BenchmarksBenchmarks#

Here are the execution times for several samples on an A100 GPU card:

Sample CPU data pipeline GPU inference
2PV7 (298 aa) 14m 2m
hellofold 33m 1m30
Q4J5ES (1380 aa) 28m 15m
multimer 268 aa // 193 aa 30m 2m

As you can see, the part that runs on the CPU is always longer than the GPU part, so it is highly recommended that they be run separately using the Snakemake template above. Note that the samples above are quite short, for longer ones you may need to wait longer. If you cannot fit into 2h, replace "fast" with "normal" in the Snakefile above.

Troubleshooting#

The data pipeline usually completes fine. For the inference step, you may get an out-of-memory error.
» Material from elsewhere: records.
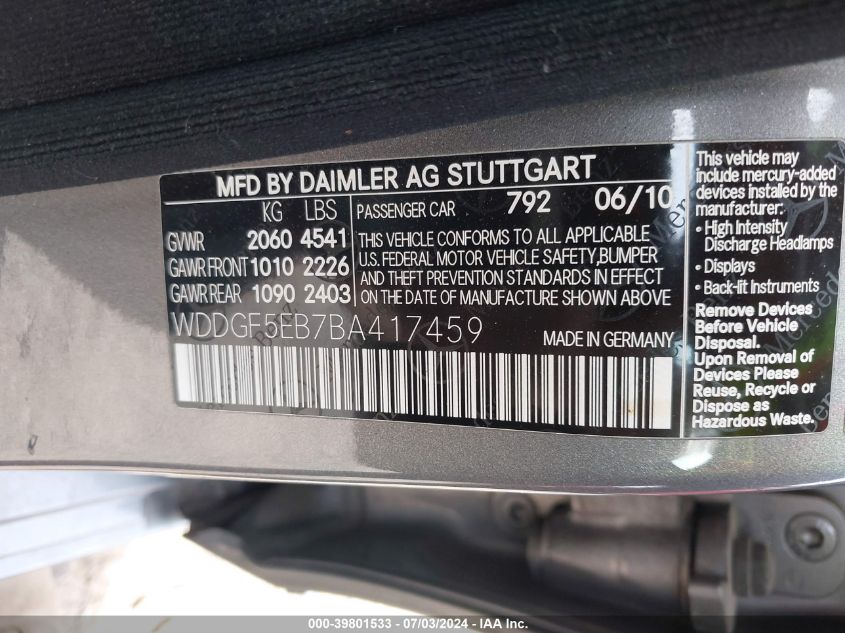 2011 Mercedes-Benz C 300 Luxury/Sport VIN: WDDGF5EB7BA417459 Lot: 39801533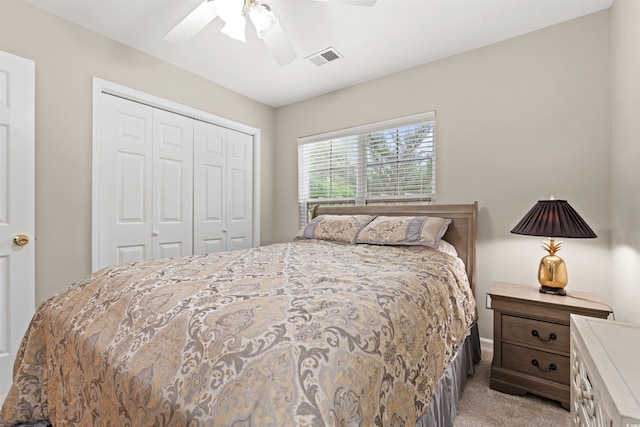 3 Birdsong Ct, Murrells Inlet, SC 29576 - bedroom featuring light carpet, a closet, and ceiling fan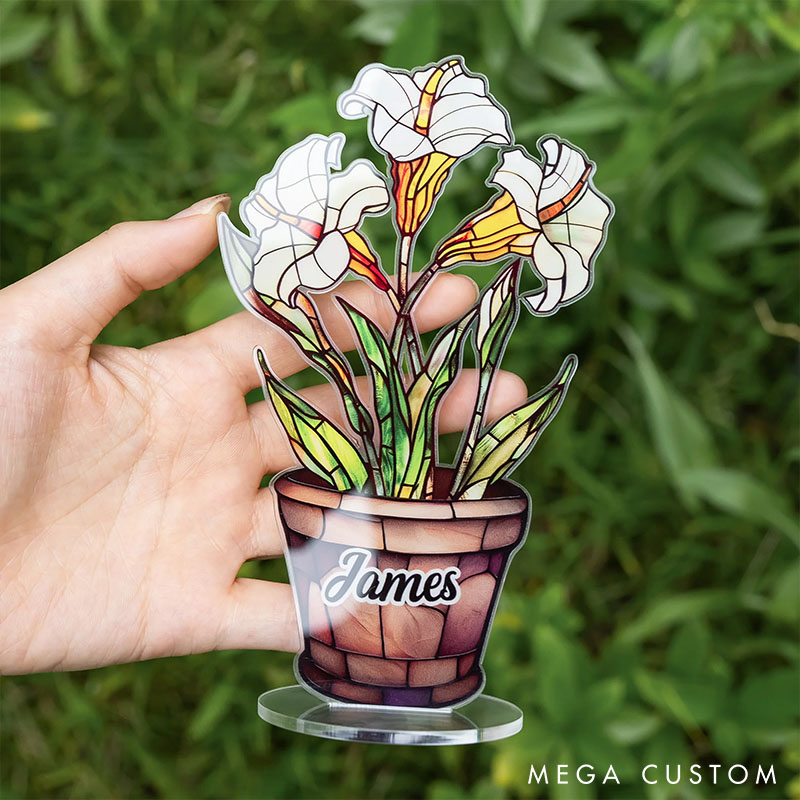 Personalized Faux Stained Glass Birth Flower Pot Acrylic Plaque with Name Home Decor Anniversary Birthday Gift for Couple Besties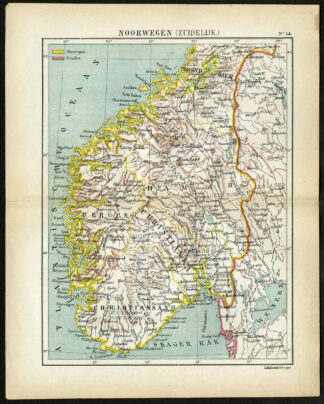 Antique Map-SCANDINAVIA-SOUTHERN NORWAY-Jacob Kuyper-1880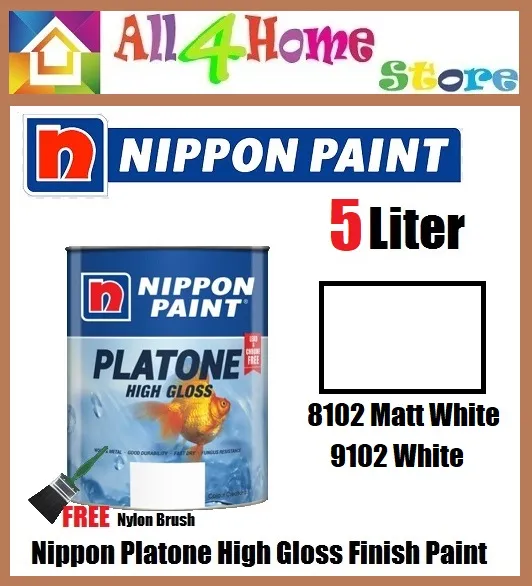 5 Liter Nippon Paint Platone High Gloss Finish Paint for Wood & Metal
The most common one is forgetting to specify RAM "–mem=80G". If the error message mentions "cuda", "jax" or "xla", it means that you need more VRAM on the GPU. You can request it with: "--gres=gpu:1,gmem:50G ". Please do not use this option for smaller multimers as we have only one server with 80GB of memory:

Code Block (bash)

(0)->srun -p gpu -q fast --gres=gpu:1,gmem:50G   hostname
maestro-3010

Final notes#

You may disregard all warnings mentioning "rocm", "tpu", " jax" and "cuda" versions, such as:

Code Block (plain)

Unable to initialize "rocm/tpu"

or

Code Block (plain)

The NVIDIA driver's CUDA version is 12.2 which is older than the PTX compiler version 12.6.77.

They do not influence the folding.

The code is fast evolving, and we will be updating it regularly.